WHAT YOU ARE ASKED TO DO -
What is needed is a word-for-word copy of the lines below from the one with "Other Categories-29%, External" through the one with "Complex planning challenge", both included, with every picture left out.

RECORDS FOR THE TASK -
════════

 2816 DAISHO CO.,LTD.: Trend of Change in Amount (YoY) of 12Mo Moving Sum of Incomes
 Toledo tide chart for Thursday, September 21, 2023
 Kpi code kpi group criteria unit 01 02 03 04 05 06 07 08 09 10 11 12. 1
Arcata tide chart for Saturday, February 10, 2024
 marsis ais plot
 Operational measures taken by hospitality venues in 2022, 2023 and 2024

════════

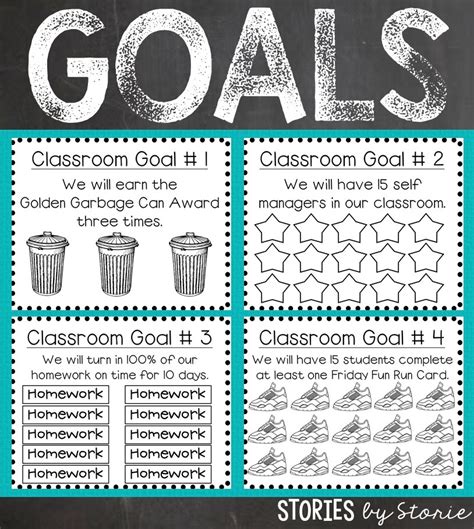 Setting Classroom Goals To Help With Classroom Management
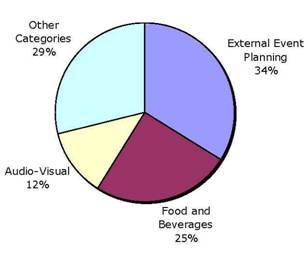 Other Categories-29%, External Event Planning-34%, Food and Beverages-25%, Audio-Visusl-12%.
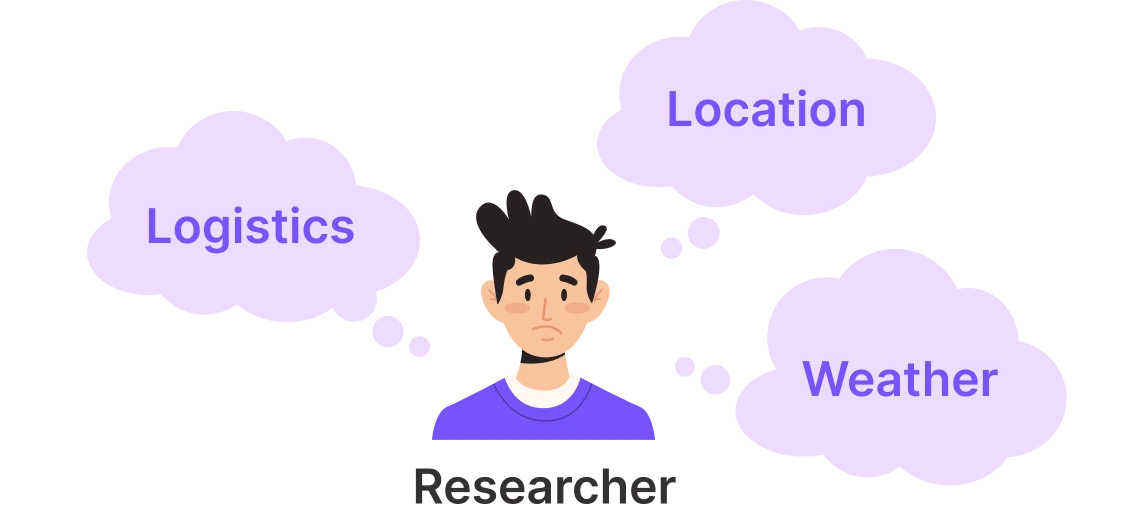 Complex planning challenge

════════

RESULT FOR THIS EXERCISE -
 Other Categories-29%, External Event Planning-34%, Food and Beverages-25%, Audio-Visusl-12%.
 Complex planning challenge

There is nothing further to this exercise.